A year after the launch of his Sustainable Markets Initiative (SMI) at the World Economic Forum in Davos, the Prince of Wales — a lifelong environmentalist and heir to the British throne — is using the charter to urge big business, industry and the financial worlds to commit to the plan that he hopes will "reunite people and planet,” with nearly 100 actions to become sustainable by 2030.

Video credit: Sky News

In the Terra Carta’s statement of intent, the voluntary commitments include supporting international agreements on the climate, biodiversity and desertification, backing efforts to protect half of the planet by 2050, and make investment and financial flows consistent with a future of low greenhouse gas emissions.

As the Prince says in the foreward to the charter:

“To build a productive and sustainable future, it is critical that we accelerate and mainstream sustainability into every aspect of our economy. To move forward, there must be a center of gravity to catalyze such a monumental effort, and to mobilize the resources and incentives required.

"Over the past year, through my Sustainable Markets Initiative, I have convened leaders from across industries and almost every sector, and challenged them to identify ways to set our planet on a fundamentally more sustainable trajectory. Together, these outstanding business leaders have seized this opportunity to develop a charter of ambitious, but practical action. With these insights, I am launching this ‘Terra Carta’ as the basis of a recovery plan for Nature, People & Planet. I am calling on CEOs from around the world to engage and play their part in leading the global transition.”

Early supporters including AstraZeneca, Bank of America, BP, BlackRock, EY, Fidelity International, Heathrow Airport, HSBC and Unilever have signed on to the charter — and committed to a $10B fund to invest in environmental sustainability initiatives, according to Sky News. While some of these signatories remain big investors or financiers for the fossil fuel industry and sectors linked to biodiversity loss, this latest commitment hopefully signals an intention to move beyond pronouncements and toward definitive action — to enable the transition to a low-carbon future that also backs biodiversity restoration.

The Terra Carta now serves as SMI’s "guiding mandate," and will be updated annually over the next ten years.
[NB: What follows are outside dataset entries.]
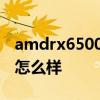 amdrx6500xt显卡的接头 AMDRX6500XT怎么样 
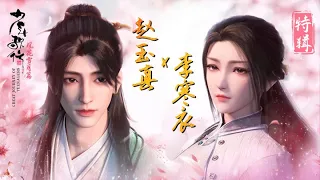 一见便是终生，缘起缘落桃花处。《少年歌行 风花雪月篇》赵玉真&李寒衣特辑【加入会员专享最新集】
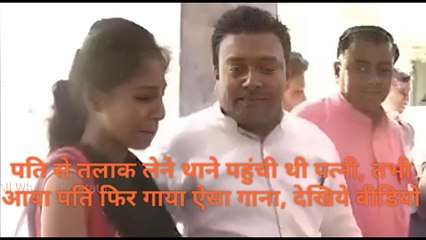 पति से तलाक लेने थाने पहुंची थी पत्नी, तभी आया पति फिर गाया ऐसा गाना, देखिये वीडियो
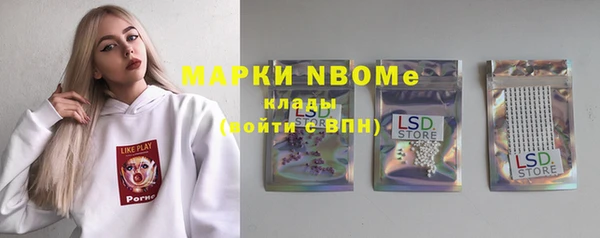 кокаин перу Протвино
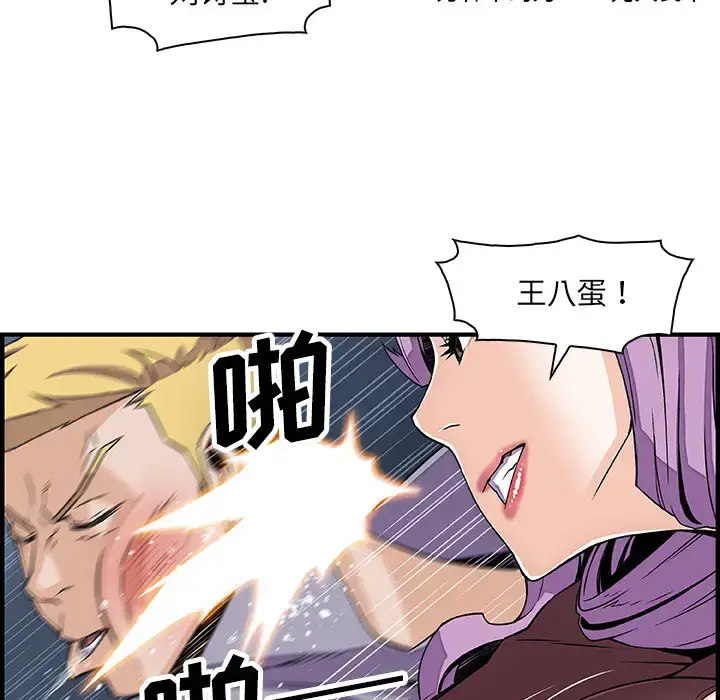 漫画《你和我的小秘密》第21话第8张图
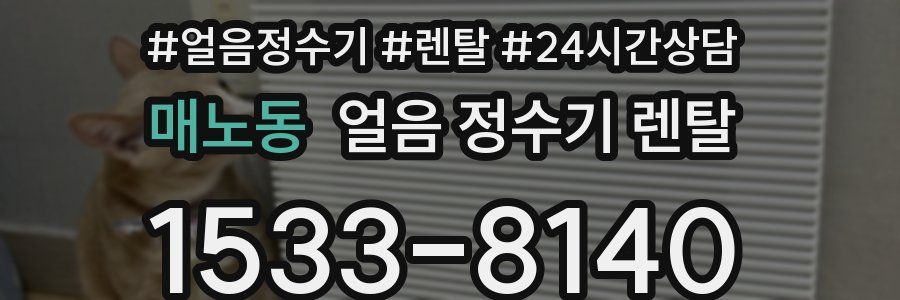 매노동 얼음 정수기 렌탈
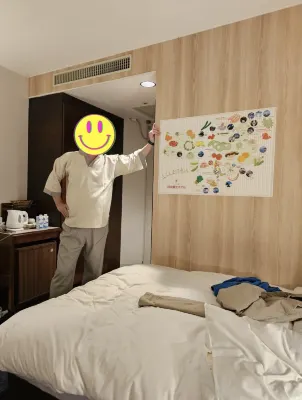 Awa Kanko Hotel Camere Photos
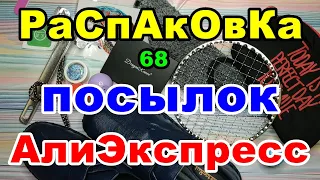 🔴Распаковка 68 🎁посылок 💥АлиЭкспресс💥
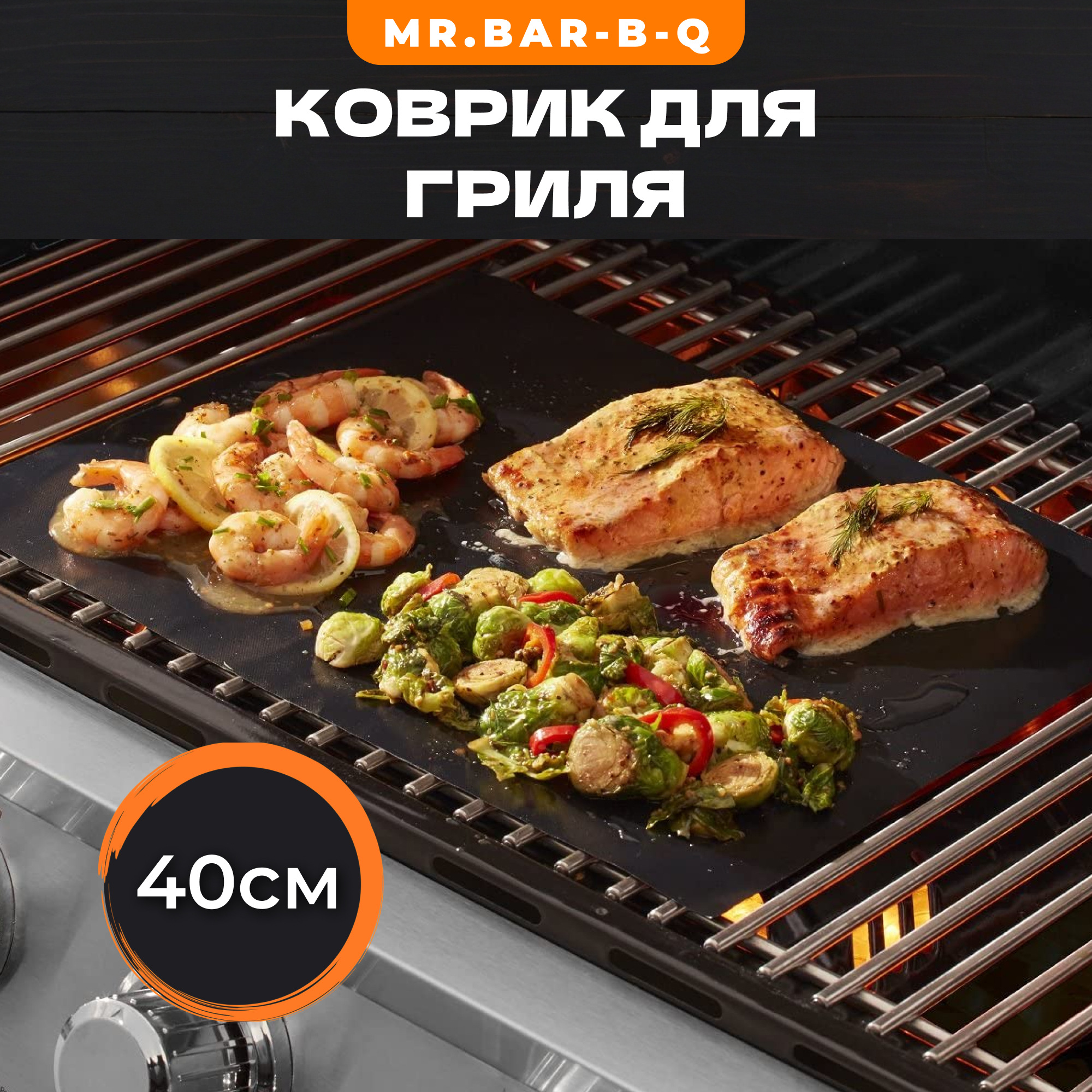 фото Коврик mr.bar-b-q для жарки на гриле 40х33 см (06012y)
According to CNN, one of the initiatives arising out of the charter is a private-sector alliance that aims to invest $10 billion in natural capital by 2022, including regenerative farming and biofuels.

Swiss bank Lombard Odier, asset manager Mirova, and funds jointly managed by HSBC and climate advisory firm Pollination Group are founding partners of the initiative — dubbed the Natural Capital Investment Alliance. The group will direct money to businesses that try to harness or preserve the power of nature, such as those using nature-based materials or deploying zero-waste strategies. The Alliance will also seek to capitalize on the growing number of companies investing in sustainable development projects in order to offset carbon emissions and reach net-zero targets — as even more brands (including Unilever) and financial institutions demonstrated just before the new year.